私はというと、ココナッツの木にシーツを括り付けて屋根にしただけの簡易的な「小屋」で、シェフを中心に晩ご飯を作る様子を他のヘビーなドラッグユーザーと眺めていた。途中、ドラッグをやっていなかった無垢な友達が、その小屋が調理に参加できない「役立たず」が集まっているドラッグ部屋だとも知らずに入ってきた。彼は「誰か野菜を切ってくれる人手を探してるんだ。」と ヘルパーを募った。もちろん私たちは、あのシェフほどのメンタリティは持ち合わせていないので、あれだけトリップしている中で包丁を持つことは怖くて想像すらできなかった。あれだけみんなが頑張って調理している中、何もせずにドラッグに耽っていた自分たちの退廃した様子に対する情けなさが「小屋」に溢れ、幻覚剤特有の感覚の共有が起こり、みんながその情けなさを言葉に出さずとも一瞬共有したことが可笑しく感じて、全員笑いが止まらなかった。

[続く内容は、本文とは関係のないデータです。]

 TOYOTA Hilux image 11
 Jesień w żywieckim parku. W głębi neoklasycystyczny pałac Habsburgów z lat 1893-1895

一方「小屋」の外では、今までにも増してまるで軍隊のように統率が取れた調理が行われていた。シェフをはじめにいつの間にか "Cooking is organizing" (調理は組織化)という合言葉をみんなが口にしながら料理していた。シェフがみんなをまとめ、それにみんなが従い、その他やることがない人は周りで音楽を流し踊りながら雰囲気を作る。料理している人は、誰が手伝っていて誰がサボっているかなんて気にせずに、みんなに平等に料理を振る舞っている。私たち退廃的役立たずは、みんなのこの努力に感謝しつつ、明日トリップが終わったら全力で感謝し、何かお返しをしようと考えていた。

「ああ、なんて美しいんだ。」
私は純粋にそう感じた。人間がただ晩ご飯という一つの目的に向かって協力し合っている。そこには損得感情なんてなくて、みんなが今できることをしている。そこにあるのは「食べ物」「音楽」「踊り」「自然」といった、人間が部族的暮らしをしていた頃から大切にしてきたものだけだった。きっと人間は昔からこうやってシンプルに協力しあって生きてきて、その感覚は今でもDNAに残っているのかもしれない。そして私みたいな深く考えすぎる哲学者タイプの人間は、人類がこのような「やるかやらぬか」の原始的生活に戻ったとしたら、寄生虫のような生きていくのかと少し情けなくなった。